*Work order*
If pictures appear in the lines below, skip them and copy exactly the lines from the one containing "2 MADALYA |" through the one containing "RHINESTONE TRIM SWEATSHIRT - Image 5", and nothing else.

*Material provided*
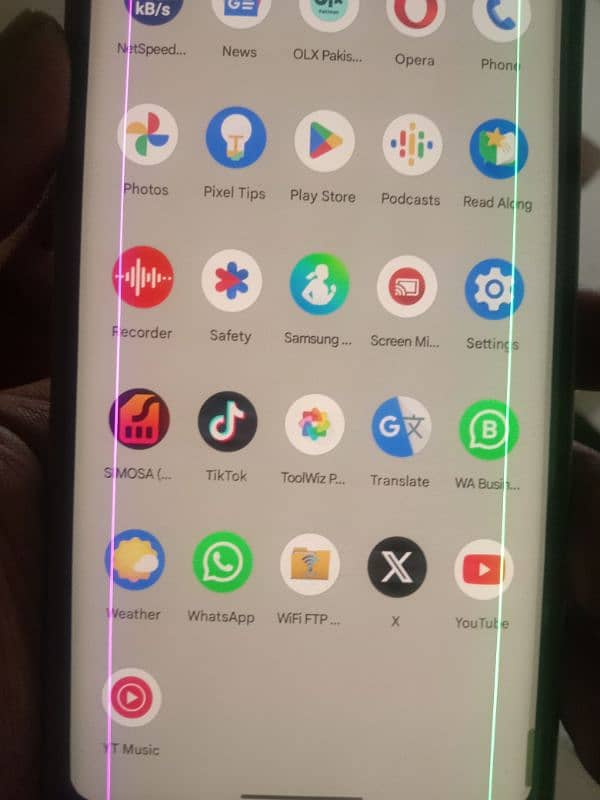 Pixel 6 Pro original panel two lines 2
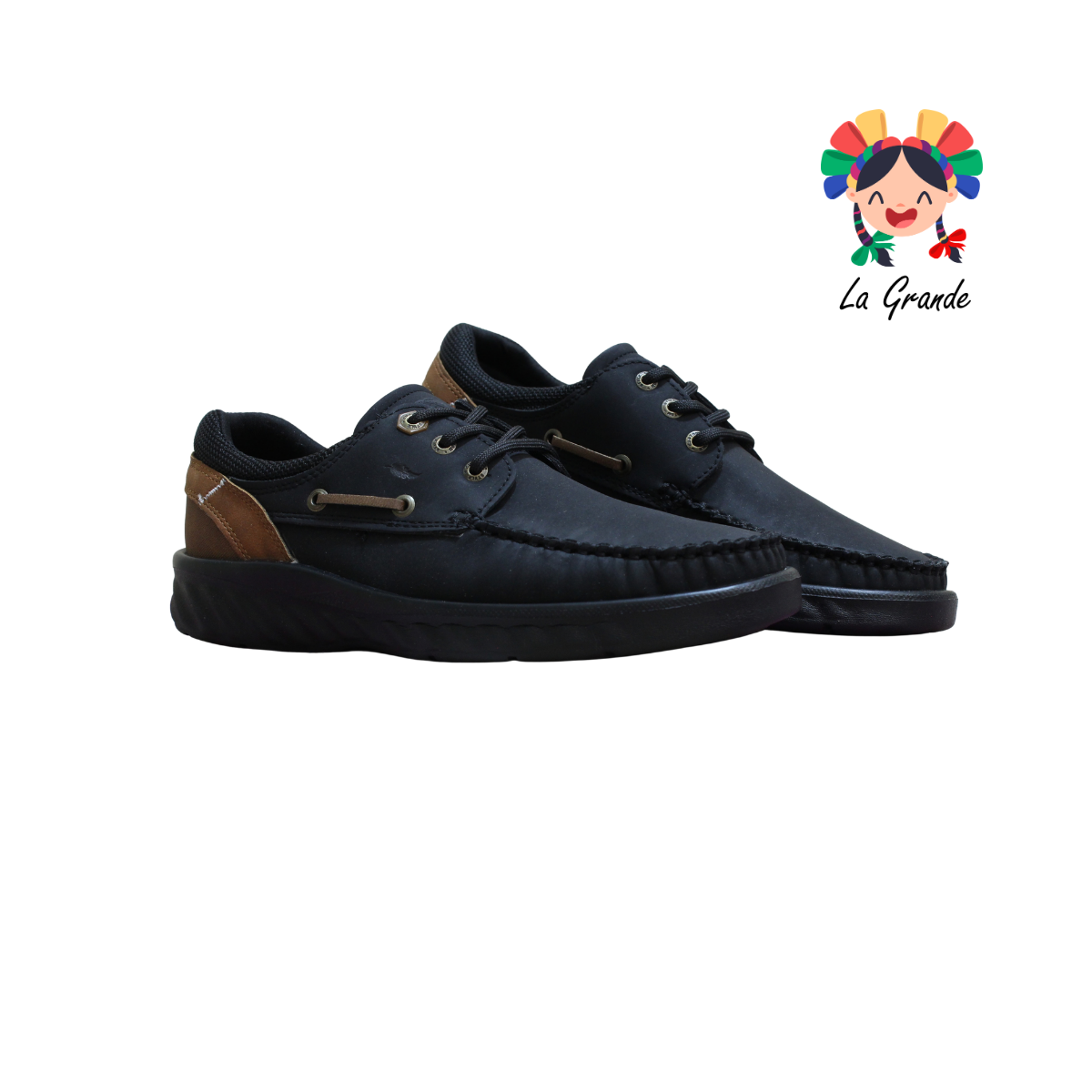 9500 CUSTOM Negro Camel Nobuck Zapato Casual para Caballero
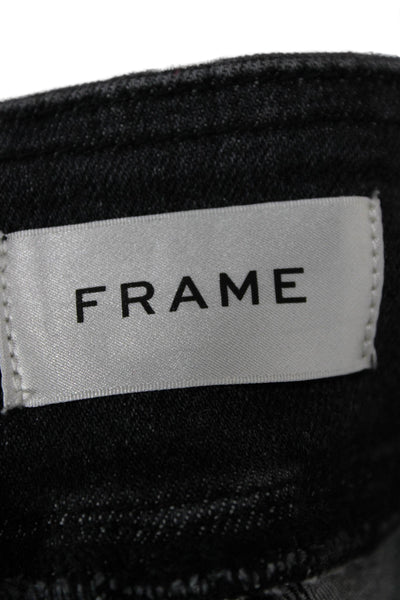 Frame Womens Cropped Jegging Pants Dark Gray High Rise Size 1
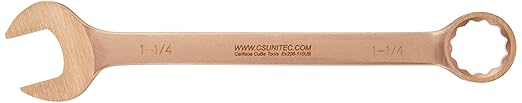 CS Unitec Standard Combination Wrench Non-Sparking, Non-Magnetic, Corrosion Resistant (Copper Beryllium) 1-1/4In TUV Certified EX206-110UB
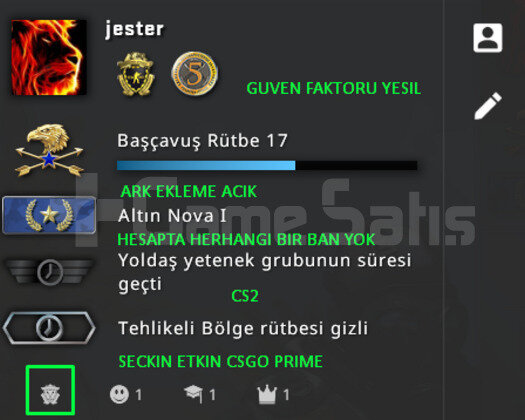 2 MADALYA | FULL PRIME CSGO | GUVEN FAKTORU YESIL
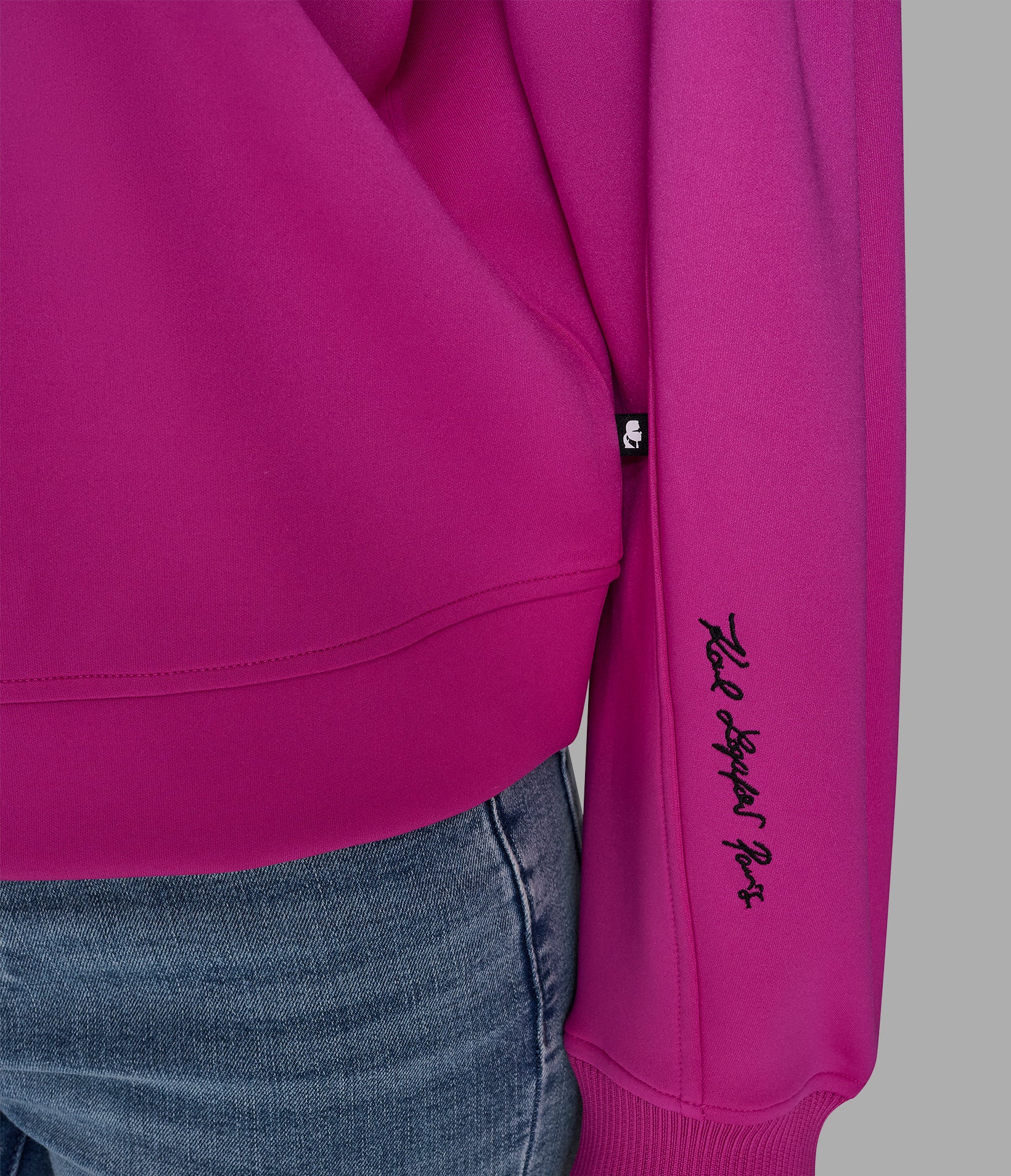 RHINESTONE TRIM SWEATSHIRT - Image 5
---
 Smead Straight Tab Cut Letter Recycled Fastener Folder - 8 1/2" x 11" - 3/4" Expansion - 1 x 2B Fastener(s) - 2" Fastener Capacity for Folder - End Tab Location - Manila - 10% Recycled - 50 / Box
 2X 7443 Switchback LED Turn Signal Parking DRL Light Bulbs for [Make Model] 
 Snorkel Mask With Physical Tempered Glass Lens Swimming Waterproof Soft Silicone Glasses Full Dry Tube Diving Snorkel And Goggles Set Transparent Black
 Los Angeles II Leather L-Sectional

*Result*
 2 MADALYA | FULL PRIME CSGO | GUVEN FAKTORU YESIL
 RHINESTONE TRIM SWEATSHIRT - Image 5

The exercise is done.